Start the main catalog and set your private ID_KEY::

   id_key = 'TEST_ID'
   maindb, tkeys = spbu.start_maindb(id_key)

This sets a global variable within specdb.build.utils

Grab Files
----------

The grab_files() method searches through a given branch to find
all FITS files and a meta parameter file.  By default, the code
ignores any files with the following extensions:
'c.fits', 'C.fits', 'e.fits', 'E.fits', 'N.fits', 'old.fits'.

Here is an example call::

   branch = specdb.__path__[0]+'/data/test_privateDB/ESI/'
   flux_files, meta_file, custom_meta_table = pbuild.grab_files(branch)


Meta
----

From the list of FITS files, a META table is generated.
The redshift table must be supplied (as an astropy Table).
Here is an example call::

   meta = pbuild.mk_meta(flux_files, ztbl, fname=True, mdict=mdict, parse_head=pdict, skip_badz=True)

The *fname* flag indicates that the RA/DEC are to be parsed
from the FITS filename.  The *skip_badz* flag allows the code
to skip sources that are not cross-matched to redshift table
(instead of terminating).


Add Groups and IDs
------------------

Update the main catalog and fiddle about with a few tags in the
meta table.  Also update the group dict::

   gdict = {}
   flag_g = spbu.add_to_group_dict('COS', gdict)
   maindb = pbuild.add_ids(maindb, meta, flag_g, tkeys, id_key, first=(flag_g==1))

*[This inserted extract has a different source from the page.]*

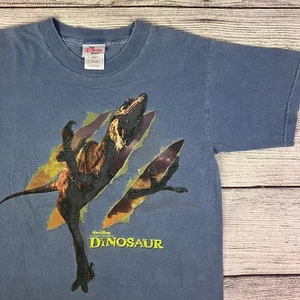 Vintage 1990s Disney's Dinosaur Movie Promo T-shirt size YOUTH Small - Picture 1 of 6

The group dict is eventually written to the HDF5 file.

Ingest Spectra
--------------

The ingest_spectra() method loops through the spectral files,
reads each, and populates a hdf5 dataset.  It also converts
the meta table into a separate, parallel hdf5 dataset.

Here is an example::

   hdf = h5py.File('tmp.hdf5','w')
   pbuild.ingest_spectra(hdf, 'test', meta, max_npix=50000)


Finish
------

Before writing, the code tests whether the meta data tables
can be stacked using the specdb.utils.clean_vstack() method.
This may be required for queries of the meta data and spectra
extraction.  The code will hit a pdb.set_trace() if this fails.

Write the catalog and close the HDF5 file.::

   zpri = [str('SDSS'), str('BOSS')]
   pbuild.write_hdf(hdf, 'TEST_DB', maindb, zpri, gdict, 'v01')

Also writes the creation date and sets the version.
*zpri* is a list of strings indicating the priority given to
redshift assignment.